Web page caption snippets
--
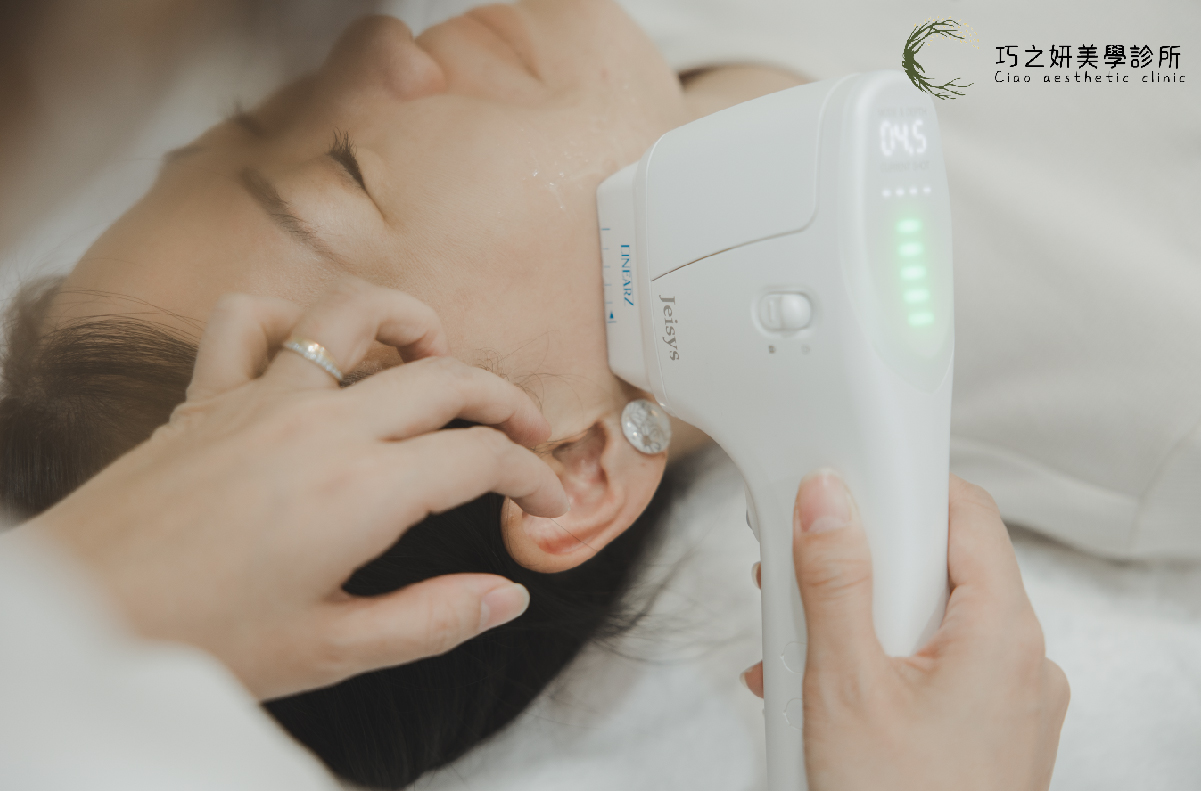 Z音波(Linear Z)中文全名為「婕希零聚焦超音波系統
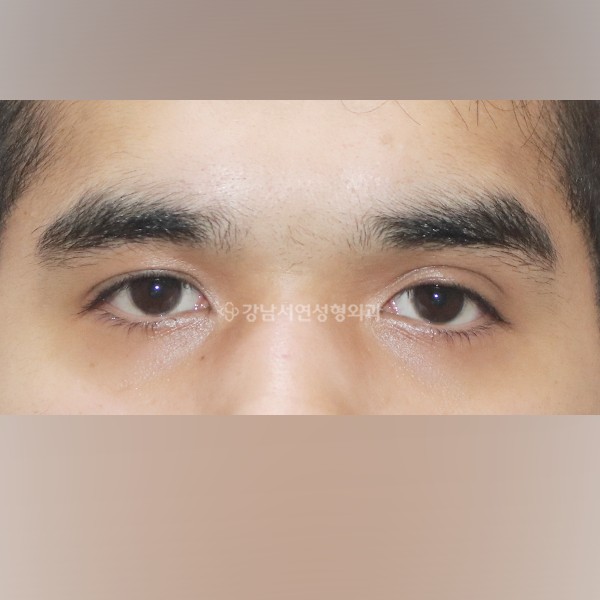 쌍꺼풀 라인 감추기 BEFORE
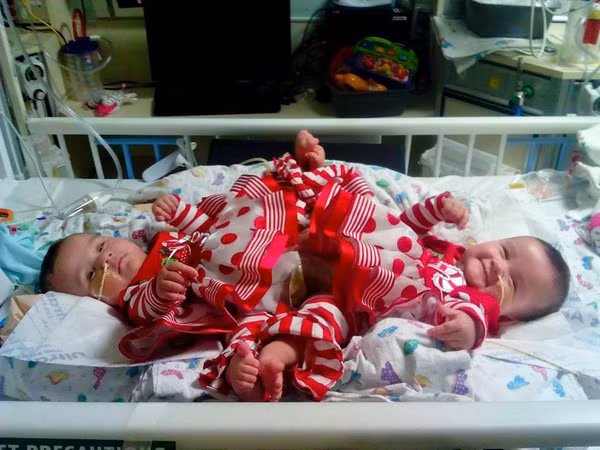 Tách rời thành công ca song sinh dính liền cực hiếm, chỉ 1 trên 50 triệu ca sinh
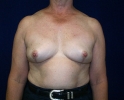 breast_augmentation_photo_removal106.JPG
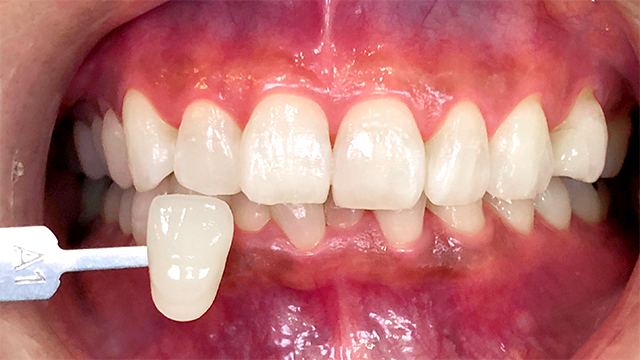 ホワイトニング後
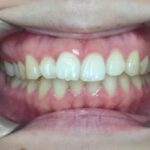 インビザラインGO治療　症例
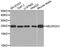 Neurogenin 1 antibody, A3110, ABclonal Technology, Western Blot image 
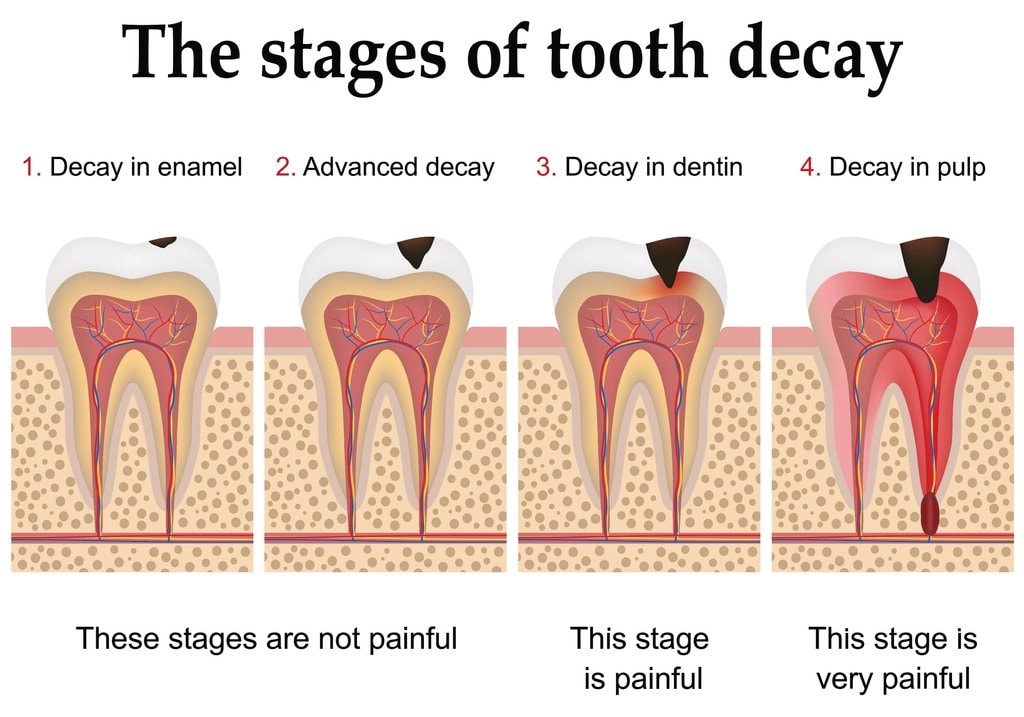 the stages of tooth decay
--
◆ Task brief
Only the text of the entries above is to be given again, exactly, with the pictures left out.

◆ Solved problem
 Z音波(Linear Z)中文全名為「婕希零聚焦超音波系統
 쌍꺼풀 라인 감추기 BEFORE
 Tách rời thành công ca song sinh dính liền cực hiếm, chỉ 1 trên 50 triệu ca sinh
 breast_augmentation_photo_removal106.JPG
 ホワイトニング後
 インビザラインGO治療　症例
 Neurogenin 1 antibody, A3110, ABclonal Technology, Western Blot image 
 the stages of tooth decay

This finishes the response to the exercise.